Staunton, Feb. 27 – Vladimir Putin, who frequently accuses NATO of wanting to “transform Russia into Muscovy,” is in fact doing more than anyone else to promote that outcome, according to Vadim Shtepa, the editor of the Tallinn-based regionalist portal, Region.Expert.
This can be seen in the Kremlin leader’s new language law which seeks to purge Russian of foreign words, exactly the opposite of what the Petersburg imperial authorities did when they willingly accepting words from other languages (rus.postimees.ee/7716453/vadim-shtepa-pomogut-li-estonskie-russkie-otobrat-u-kremlya-pravo-sobstvennosti-na-russkiy-yazyk reposted at region.expert/est-rus/).
This current effort, Shtepa continues, will lead to exactly the opposite effect its authors hope for. “They would like to ‘strengthen’ Russian but in reality they will lead to its geographic dismemberment.” The tsars suppressed regional dialects to promote an imperial language but ow those dialects and others based in other countries will revive and become ever rore different.
“Something similar happened historically with English and Spanish,” the regionalist continues. “They also at a certain period were imperial languages based on a single set of rules, but they when they began to be used in independent countries,” that unity fell apart with each speaking an English or a Spanish reflecting local conditions.
Up to now, Shtepa says, “Russia is considered in Moscow to be a ‘mono-centric’ tongue” with the rules set in the center.

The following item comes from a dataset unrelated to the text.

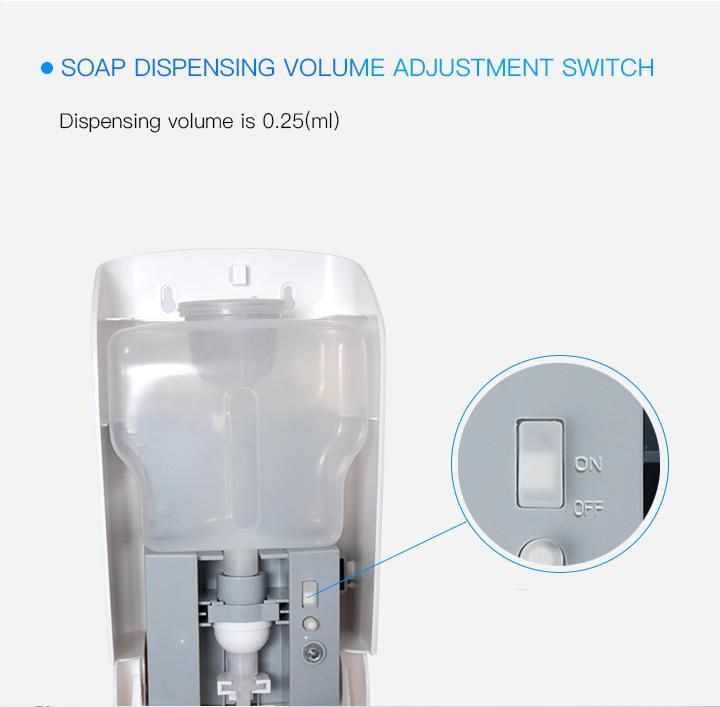 White/Black Bathroom Sensor Battery Operated Hand Sanitizer Foam Soap Dispenser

Indeed, until very recently, many Russian media outlets in Estonia even followed those rules. But that is changing and linguistic diversity among various Russian languages is undermining the imperial nature of the language and the state.

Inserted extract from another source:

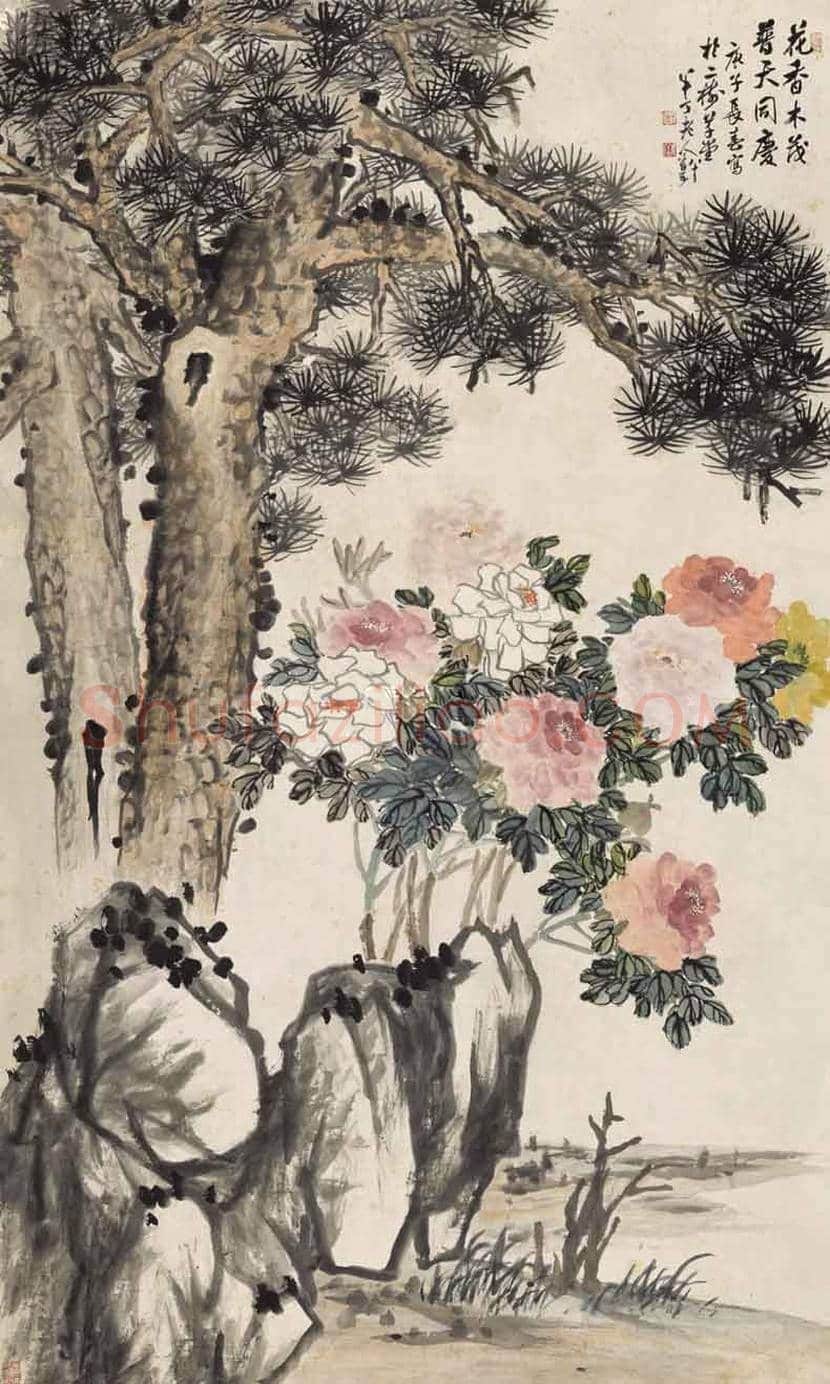陈半丁写意花卉作品《芙蓉花》,淡雅又大气! | 国画赏析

(The Tallinn-based regionalist points to the work of Tomasz Kamusella on this point. See “Russian: A Monocentric or Pluricentric Language?” Colloquia Humanistica 7 (2018) at ispan.waw.pl/journals/index.php/ch/issue/view/92; in Russian at region.expert/russian-languages/).)

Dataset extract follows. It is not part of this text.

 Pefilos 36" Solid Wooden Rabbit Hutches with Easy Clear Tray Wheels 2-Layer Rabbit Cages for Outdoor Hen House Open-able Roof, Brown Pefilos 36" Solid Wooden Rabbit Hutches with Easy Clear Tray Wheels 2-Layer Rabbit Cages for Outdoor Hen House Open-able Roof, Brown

According to Shtepa, “the development of ‘local Russian languages’ in various countries does not depend at all on whether they have an official status there or not. For example, English in the US is not a state language but that in no way has prevented the Americans from putting out textbooks on American English.”
Indeed, as Winston Churchill famously observed, this process has gone on so long and so thoroughly that the British and the Americans are now divided by what people in both countries proudly but mistakenly believe is their common English language.